Author: Robert Johnson, Jr., ; rjohnson@alum.mit.edu

(With input from CSPA’s Michael Jackson, attorney and others) Draft version #2b; April 15 2009

  • fact, a recent study produced by the LA County Economic Development Corporation[i] concludes that urban water conservation and enhancement of ground water storage capacity would save approximately 2.5 million acre feet of water, and that such measures involve minimal cost and can be fully implemented within 3 to 5 years (but with a significant amount of such savings within 1 year),
  • fact, this same study concludes that conservation would be the least costly water supply alternative for Southern California at $210 per acre-foot of treated water, and with ground water storage second most favorable at $580 per acre-foot of treated water.
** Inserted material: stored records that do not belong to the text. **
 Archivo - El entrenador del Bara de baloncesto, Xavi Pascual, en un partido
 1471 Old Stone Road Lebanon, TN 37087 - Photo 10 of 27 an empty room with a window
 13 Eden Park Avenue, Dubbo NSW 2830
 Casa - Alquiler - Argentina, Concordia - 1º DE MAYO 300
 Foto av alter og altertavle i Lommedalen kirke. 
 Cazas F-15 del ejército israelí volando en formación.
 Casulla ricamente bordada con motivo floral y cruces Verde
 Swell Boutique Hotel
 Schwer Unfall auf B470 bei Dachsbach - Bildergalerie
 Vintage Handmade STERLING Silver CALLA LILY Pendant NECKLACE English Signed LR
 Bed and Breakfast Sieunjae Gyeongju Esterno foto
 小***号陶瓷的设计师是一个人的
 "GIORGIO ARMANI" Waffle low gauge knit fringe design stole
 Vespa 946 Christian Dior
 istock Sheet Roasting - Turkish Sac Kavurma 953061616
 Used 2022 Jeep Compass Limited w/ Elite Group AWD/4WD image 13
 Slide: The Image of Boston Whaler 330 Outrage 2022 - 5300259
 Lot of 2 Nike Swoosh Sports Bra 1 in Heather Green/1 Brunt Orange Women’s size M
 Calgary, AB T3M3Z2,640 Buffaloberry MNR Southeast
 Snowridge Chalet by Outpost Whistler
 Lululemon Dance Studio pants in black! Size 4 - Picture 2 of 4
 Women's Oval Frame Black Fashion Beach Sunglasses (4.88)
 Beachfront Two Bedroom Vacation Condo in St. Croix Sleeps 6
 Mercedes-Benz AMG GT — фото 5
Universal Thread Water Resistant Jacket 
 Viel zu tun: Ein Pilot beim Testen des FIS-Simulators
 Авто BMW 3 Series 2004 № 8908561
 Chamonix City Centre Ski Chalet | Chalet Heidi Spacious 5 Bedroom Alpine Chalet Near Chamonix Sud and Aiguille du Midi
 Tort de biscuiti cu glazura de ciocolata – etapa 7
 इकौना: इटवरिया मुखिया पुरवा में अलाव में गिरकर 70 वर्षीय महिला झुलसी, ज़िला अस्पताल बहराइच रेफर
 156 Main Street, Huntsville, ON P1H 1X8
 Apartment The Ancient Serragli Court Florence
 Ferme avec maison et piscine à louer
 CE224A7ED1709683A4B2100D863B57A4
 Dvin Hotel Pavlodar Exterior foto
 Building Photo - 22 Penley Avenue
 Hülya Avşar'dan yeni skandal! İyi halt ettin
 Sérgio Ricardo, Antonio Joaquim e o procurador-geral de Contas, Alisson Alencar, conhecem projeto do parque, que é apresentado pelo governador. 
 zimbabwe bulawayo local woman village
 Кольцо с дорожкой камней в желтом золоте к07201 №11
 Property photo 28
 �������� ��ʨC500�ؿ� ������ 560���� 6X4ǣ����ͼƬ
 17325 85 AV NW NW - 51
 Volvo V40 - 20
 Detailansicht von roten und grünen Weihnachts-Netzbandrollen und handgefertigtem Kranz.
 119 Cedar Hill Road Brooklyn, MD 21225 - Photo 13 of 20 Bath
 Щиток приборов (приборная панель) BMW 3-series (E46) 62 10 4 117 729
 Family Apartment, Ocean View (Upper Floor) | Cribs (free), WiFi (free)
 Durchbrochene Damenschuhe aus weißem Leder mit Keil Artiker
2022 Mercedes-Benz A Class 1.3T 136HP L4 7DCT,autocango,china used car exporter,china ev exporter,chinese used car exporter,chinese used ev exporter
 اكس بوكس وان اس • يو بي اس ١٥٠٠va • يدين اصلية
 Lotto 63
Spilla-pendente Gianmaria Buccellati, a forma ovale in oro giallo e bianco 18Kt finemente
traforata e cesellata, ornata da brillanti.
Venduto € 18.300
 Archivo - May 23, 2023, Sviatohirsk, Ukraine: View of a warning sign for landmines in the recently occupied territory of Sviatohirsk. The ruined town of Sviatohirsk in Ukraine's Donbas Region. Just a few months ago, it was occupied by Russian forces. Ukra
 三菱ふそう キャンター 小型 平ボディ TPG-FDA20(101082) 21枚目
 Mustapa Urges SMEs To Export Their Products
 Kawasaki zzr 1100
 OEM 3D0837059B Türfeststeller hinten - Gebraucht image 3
Current bond measures are recommending surface storage options, including proposals such as the Sites Reservoir in Northern California and the Temperance Flat dam near Fresno – that would cost $760 to $1,400 per acre-foot, and surface storage would take well over 10 years to fully implement.
  • fact, a recent study produced by the Pacific Institute[ii] concludes that modest investments in any or all of four specific agricultural water conservation and efficiency enhancement scenarios can save up to 5.8 million acre feet of water per year. Such savings far exceed anything a large surface storage project (dams, etc.) could obtain, and they can be achieved in far less time and with much less cost to the California tax payers.
  • fact, California law regulates water under the doctrines of reasonable use and public trust. The state Water Resources Control Board (SWRCB) has the duty and the authority to apply these laws to all water users in California. The SWRCB has been identified by the Delta Vision Task Force as being negligent in this capacity and lack of enforcement of these and other laws (state and Federal Endangered Species Act, the Porter-Cologne Water Quality Act and the Clean Water Act) has contributed to the present decline in the Delta ecosystem.
  • fact, private entities such as the west side San Joaquin valley irrigation districts earn windfall profits via the export of Delta water. These entities have commanded such large profits by taking advantage of artificially low Delta water export contract fees, which are approximately 2%[iii] of what an average California City pays for municipal use.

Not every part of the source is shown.